So rather than let your dream guy go, take the initiative. Comb through his pictures, come up with a question you genuinely want to ask him, and go for it.
It's 2017, what guy wouldn't love to receive a message from a confident lady asking him about his skydiving trip?
3. Your Biography Is Bland (Or Nonexistent)
If your biography is blank (or just features your Instagram handle), someone swiping will assume that talking about the weather is about as deep as the conversation will get.
Don't be boring. It's not weird to write a sentence that describes yourself. In fact, it's pretty damn helpful to for the people swiping past you.
"Tinder users should make sure they are giving others a sense of their personality and interests through their bio," says Carbino. "This also helps encourage matches to message you because they have information from your profile to spark a conversation."
Again, the goal here is to give your match more to work off of. You could put that you're a "Chicago-raised lawyer seeking the best margarita in town" or something more playful like, "Life is short, I am not."
These are easy for a guy to engage with and display your personality at first swipe.

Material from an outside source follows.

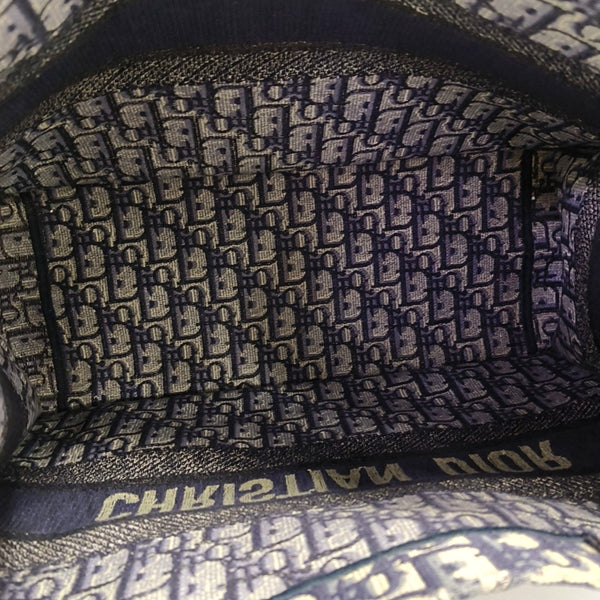 Authenticated pre-owned  Book Tote Medium Canvas Blue - Tote Bag at Looply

4. Your Pictures Don't Bring Anything To The Table
Sixty-three percent of men and 65.4 percent of women believe the opening line on Tinder signals investment. Make opportunities to show that investment by having something in your pictures to be asked about.

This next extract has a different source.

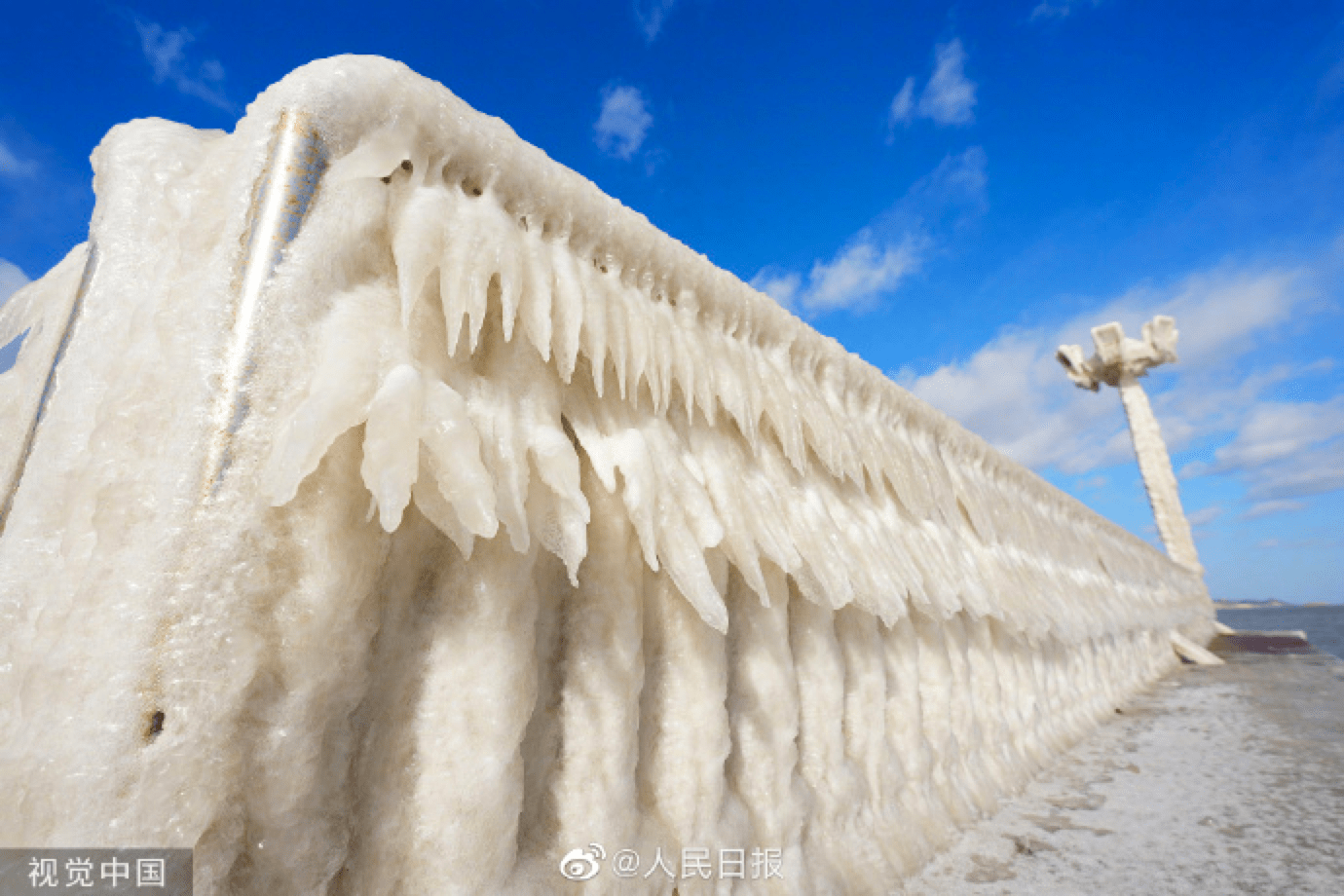 奇观!烟台海边冰凌如柱宛若冰河世纪_山东_寒冬_世界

I know you wouldn't dare use a duck face in 2017, but if your picture rotation includes a tightly framed selfie, you with friends suckling rosé, and that professional work photo you have... well, it's time for a makeover.
"A photograph of a man surfing in Los Angeles is fairly common and does not allow users to understand how you differ from the 60 other men in your area that have photos of themselves surfing," says Carbino. "Around 20 percent of men and women prefer to send an observation about a person as their opening line, so give them something to talk about!"
Have you traveled anywhere cool? Do you have a picture where you're doing something outrageous for your job? Are you standing with a celebrity?
People always ask me about my picture with James Murphy of LCD Soundsystem if they are a fan.
(Or, they ask if they should know who that bearded guy is... but that's still something!)
5. You Let Most Conversations Shrivel Up And Die
Following up on a message trail that has fizzled out a bit is not a sin. It doesn't mean you are giving up your lady power — it just means you are interested.
"An important strategy to use when the message trail has gone cold is re-engagement," says Carbino. "At times, people with whom you are corresponding are busy and they may have not responded because of their schedules. By sending a brief text to re-engage and follow up, you can keep the conversation going. This also helps establish investment."
There's that word again. Investment.
The key to anyone's heart is to pique their interest by showing yours. If you follow up with a guy who was messaging you, he will probably be impressed, and he will most definitely feel complimented by your initiative.
Wouldn't you be?
The first message you send sets a tone for the kind of dating you want to do, so send a grown up one.
If you're looking to find someone to share those hot summer nights with, get real with yourself and your Tinder game.
Remember, as weird as online dating may be, Tinder is not a crapshoot in which you wait around for your soulmate to "choose you," like Chatroulette. It only works if both parties actually engage with each other.
Tinder is about investment, and where you invest your time and energy will directly impact who you end up swapping messages with (and hopefully, dating).
The art of Tinder is difficult, but possible to master. With just a little effort, you'll be sipping drinks with that cute guy IRL in no time.